Show that Gauss’s theorem is consistent with Coulomb’s law. Using it, derive an expression for the electric field due to a uniformly charged thin spherical shell of radius r at a point at a distance y from the centre of the shell such that:
(I) y>r, and
(II) y<r.

Answer 1

Gauss’s Theorem

Gauss’s Law establishes that the total electric flux through any closed surface is equivalent to the enclosed net charge divided by the permittivity of free space:

\[ \Phi_E = \oint \vec{E} \cdot d\vec{A} = \frac{q_{\text{in}}}{\varepsilon_0} \]

Consistency with Coulomb’s Law

Consider a point charge \( q \) situated at the center of a spherical Gaussian surface with radius \( r \).

Due to the inherent symmetry, the electric field \( E \) possesses a constant magnitude and is directed radially outward across the surface:

\[ \oint \vec{E} \cdot d\vec{A} = E \oint dA = E \cdot 4\pi r^2 \] \[ \Rightarrow E \cdot 4\pi r^2 = \frac{q}{\varepsilon_0} \Rightarrow E = \frac{1}{4\pi\varepsilon_0} \cdot \frac{q}{r^2} \]

This equation precisely matches the expression for the electric field generated by a point charge as derived from Coulomb’s law, thus confirming the consistency of Gauss’s law.

Electric Field Due to a Uniformly Charged Spherical Shell

Let the total charge on the shell be \( q \), the radius of the shell be \( r \), and the observation point be at a distance \( y \) from the center.

Case I: \( y > r \) (Outside the shell)

Employ a spherical Gaussian surface with radius \( y \). The enclosed charge is \( q \).

\[ \oint \vec{E} \cdot d\vec{A} = E \cdot 4\pi y^2 = \frac{q}{\varepsilon_0} \Rightarrow E = \frac{1}{4\pi\varepsilon_0} \cdot \frac{q}{y^2} \]

This result indicates that the spherical shell effectively behaves as if its entire charge were concentrated at its center.

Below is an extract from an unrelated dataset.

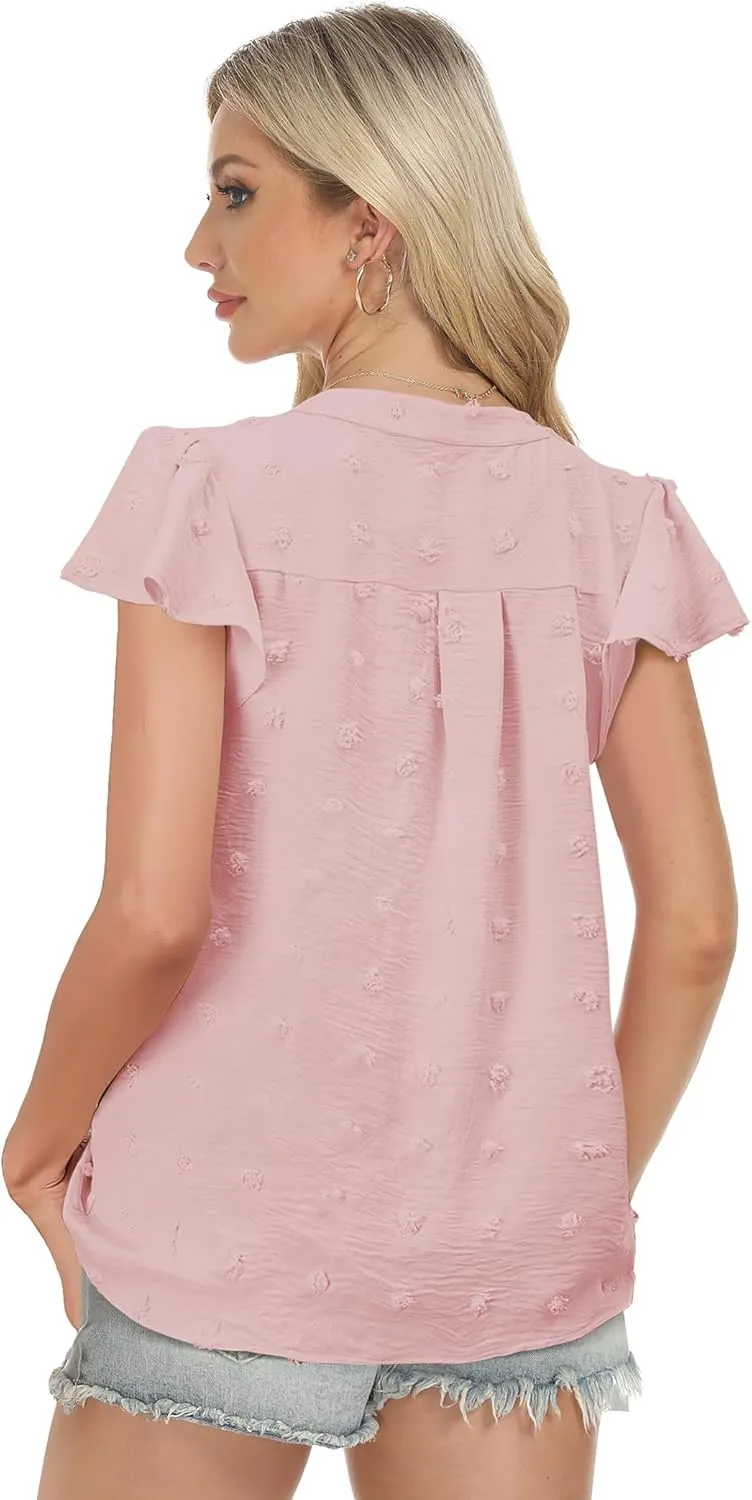 Blouses for Women Dressy Casual V Neck Ruffle Short Sleeve Flowy Tops Cute Summer Shirts Professional Business Tunic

Case II: \( y < r \) (Inside the shell)

In this scenario, the Gaussian surface is positioned within the shell. The enclosed charge is 0.

\[ \oint \vec{E} \cdot d\vec{A} = E \cdot 4\pi y^2 = 0 \Rightarrow E = 0 \]

Therefore, no electric field is present inside a uniformly charged spherical shell.

Summary:

The electric field \( E \) produced by a uniformly charged spherical shell is described by the following expression:

\[ E = \begin{cases} \frac{1}{4\pi\varepsilon_0} \cdot \frac{q}{y^2}, & \text{for } y > r \\ 0, & \text{for } y < r \end{cases} \]